What Are The Major Costs Involved When Trading CFDs?

Home > Trading > What Are The Major Costs Involved When Trading CFDs?

CFD trading platforms make money in two principal ways firstly if they act as agents they earn a commission on each trade their clients make and an income from the overnight funding charges they levy.

However they may also act as principal in which case they make prices to their clients and capture the spread between those prices, they oppose their clients trading taking an equal and opposite position. Under this model the firm will profit if the client loses and lose will if the clients profit.

In an age of computerised trading firms often operate a hybrid model under which certain trades and clients receive an agency execution service, whilst others are “B”- booked i.e. the firm takes on the clients trade on its B or principal book. Those B book positions may be hedged from time to time based on internal market exposure rules.

Note though that in CFD trading whether your trade execution is under agency or B-book arrangement your trade counterparty is always your CFD trading platform or provider.

If you are trading CFDs or spread betting on stocks here are six hidden costs and dangers that you probably haven’t though about.

Trading OTC or over the counter’ products such as CFDs & spread betting will always be dangerous and especially risky if you are dealing on margin, where you can lose more than your initial deposit.

You should be aware of that fact as pretty much every financial promotion, website, account form and contract note will have a risk warning on it somewhere.

Although according to the FCA’s insight website we may all be suffering risk warning fatigue.

So, other than making or losing huge sums (relative to your initial margin) what other dangers lurk in the shark “invested” waters of ultra high-risk CFD trading?

Here’s a list of things to watch out for when trading CFDs:

CFD trading commission or spread widening

There are generally two types of execution charges for trading CFDs. Either commission with clean prices, or no commission with a widened spread.

If you get charged commission it means you buy or sell at the actual bid/offer or inside if you are using a DMA (Direct Market Access) broker.

If you are being charged a spread then you won’t get charged a commission, but you will be buying or selling at a price slightly wider than the bid/offer. So for example, if a stock is trading 101/102 your price maybe 100.9/102.1.

The spread is usually widened inline with what the commission would be. In this case 10 basis points or 0.1%You will agree to a commission rate when you open an account phrased either as “basis points” or as a percentage.

If you are spread betting you may find a broker who can offer you DMA on some smaller stocks by getting them to work an offer in the underlying market. But generally, you will be charged a widened spread.

If you are charged 0.1% commission that’s £100 on a £100,000 trade or 10 basis points.  They are the same, just different terminology.

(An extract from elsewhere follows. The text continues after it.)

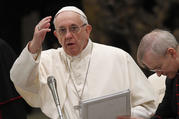 Pope Francis delivers his blessing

Normally, most brokers are quite clear about this, but it is worth checking you are not being charged double.  If you have a high commission and don’t get market prices, it may be time to change your broker.
For larger traders paying commission and trading, DMA means you can trade inside the best bid/offer. The ability to get within the spread can often compensation for paying commission on wider prices.

CFD interest on overnight positions.

Just like when you borrow money from the bank, when you are trading a CFD you are borrowing to do so, and there is an interest rate attached.

A long time ago, when I opened my first CFD account I vividly remember the salesman saying, “well, you get charged around 2.5% over/under base, but you shouldn’t really factor that into your trading”.

Hmmm, not LIBOR base, the firm’s base, which depending on the currency can currently be above 3%.

So that’s 3%+2.5% or 5.5% on your positions size (depending on the first it will either be the initial position size of the daily, you need to check).

So if you buy £100k of stock and hold it for a year that’s £5,500 in interest charges.

As with everything else in trading these rates are negotiable if your account is large enough.

You can read more on overnight financing charges here.

FX currency deficits on CFD trading P&L

Most CFD trading platforms will have your account in one currency and do automatic currency conversions into that currency when you have a different currency P&L.

But your broker may have a treasury cost to running a book in multiple currencies and will charge accordingly.

So, if you put £100k on your account and trade GBP stocks, but then buy $100k of US stock on 10% margin.  You have a GBP but no USD.  So you are essentially running a USD overdraft to fund the USD position.  You may not have a margin call, because your GBP nets off the USD.

But as your broker has bought the USD stock to write a CFD around, they have still had to lodge USD with the exchange for the purchase, and will, therefore, pass the costs of this on to you.

Some institutional or professional brokers are reluctant to do automatic FX conversions for clients trading in different currencies, as some like the currency exposure.

Plus a currency can move 10%, so your broker would be susceptible to client complaints if the 10% move was in their favour.

If you are trading on markets around the world, make sure that you regularly check your currency exposure and instigate conversions where necessary.